03 The (near) certainty of being mistaken

One of the great puzzles of human intellectual history is just how mistaken most eras have been in retrospect. But with all this, the human race rolls on and fulfils its destiny…

When my generation was in college (the late ‘60s and early ‘70s), one of the main pillars of our intellectual edifice was the perniciousness of the “brain drain”. Of course, “drain” theories of imperialism are well known and ubiquitous, and all our subsequent problems have been attributed uncritically to the selfishness of the colonial powers. But after independence, it was the drain of our technically qualified young persons that was held to be part of the neo-colonial conspiracy that was bleeding our intellectual manpower and damaging our development.

Today, of course, all this has been forgotten, and we realize that our techies abroad are a great resource, an asset. These Indians have built modern, innovative enterprises abroad, and we are now hoping to rope them in and use their expertise, their entrepreneurial skills, their networks, their investment, in accelerating our own climb out of the poverty trap.

Not just technically qualified persons, but even artisans and other workers have been going abroad, to the Gulf countries, for instance, and wherever there has been demand for skilled manpower. Their remittances have also helped our own growth and development.
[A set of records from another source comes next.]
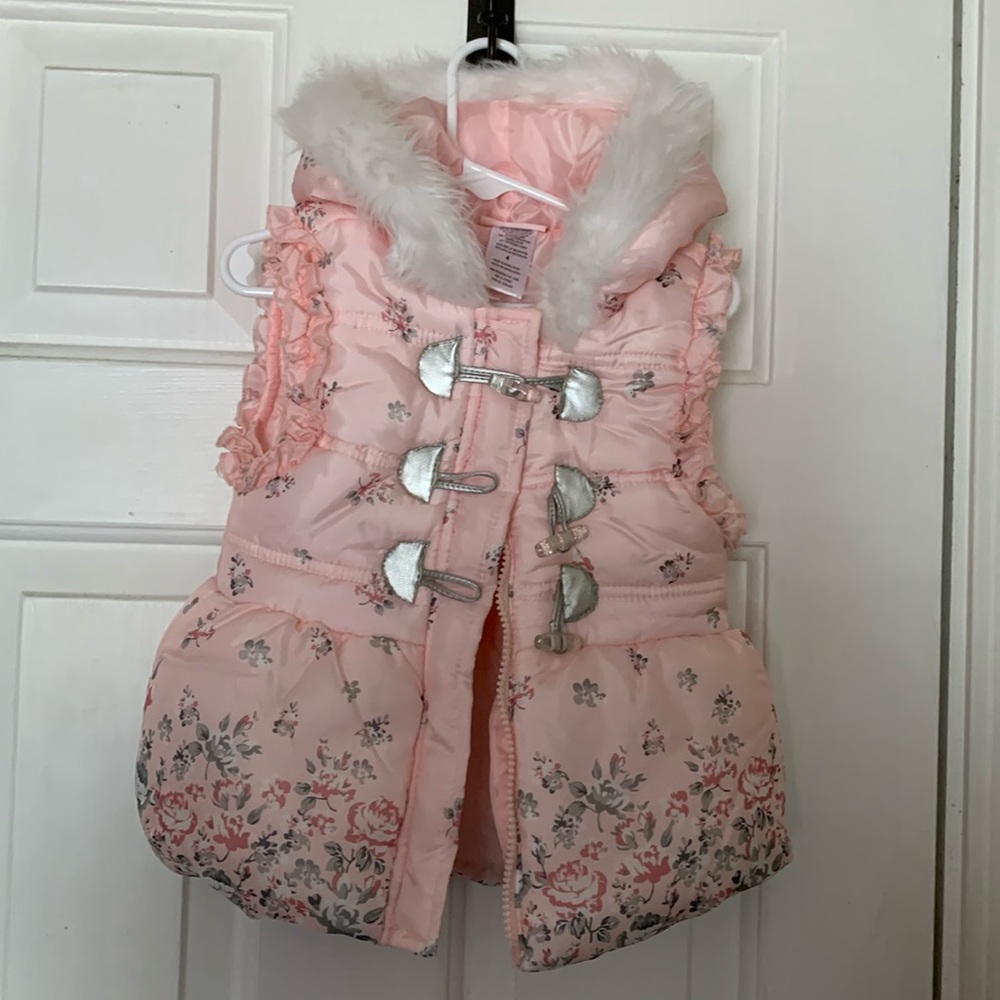 Pink vest with flowers. Size 4t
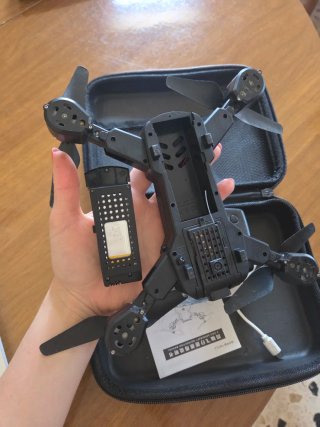 Drone con telecomando e custodia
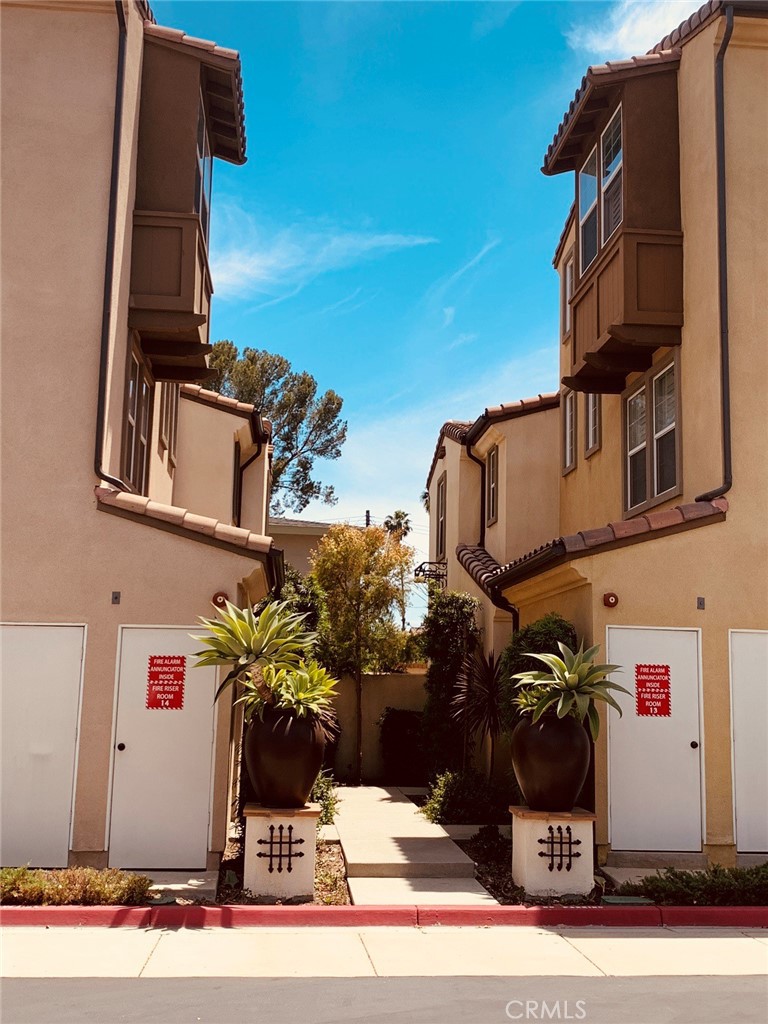 Residential Lease for rent at 636 S Gladys Avenue A, San Gabriel, Los Angeles County CA featuring 4 beds and 4 baths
A number of beliefs of that era – when young persons ran off to join the Naxalite movement in West Bengal (some never came back) – are today being stood on their head. Thus, the population increase itself is no longer seen as  such a serious burden, instead we talk today of the “demographic dividend”, an idea expanded and explained by Nandan Nilekani, e.g. in his book Imagining India (revised edition, 2009, pp. 44 onwards). The developed world (the West and Japan), and even certain developing countries like China that undertook aggressive population control measures, are going to face a problem of declining proportions of young age classes, due to low rates of population growth for the past decades. They will have lesser and lesser proportions of earning, working populations and increasing proportions of old people to be looked after, who will be requiring pensions, social security, and other support, or will just be drawing down their savings. These countries will have to find novel ways to increase the productive population – perhaps by immigration, perhaps by exporting much of the non-contact work abroad (wherever possible). Countries like India, it is argued, stand to gain from this transfer of work, over and above the direct benefits from emigration of their surplus young workers to the developed countries. With India’s large base of technically trained manpower, this has enabled transfer of relatively high-end processes to centres in India, especially since the information and communication technology revolution. This is the essence of the “demographic dividend” so commonly talked about.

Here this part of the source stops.